**What to produce:**
Return the material exactly. Every line must stay as it is.

[Data provided — start]

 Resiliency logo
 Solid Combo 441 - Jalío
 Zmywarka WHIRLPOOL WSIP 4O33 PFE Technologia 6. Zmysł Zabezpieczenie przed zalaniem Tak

[Data provided — finish]

**Task response:**
 Resiliency logo
 Solid Combo 441 - Jalío
 Zmywarka WHIRLPOOL WSIP 4O33 PFE Technologia 6. Zmysł Zabezpieczenie przed zalaniem Tak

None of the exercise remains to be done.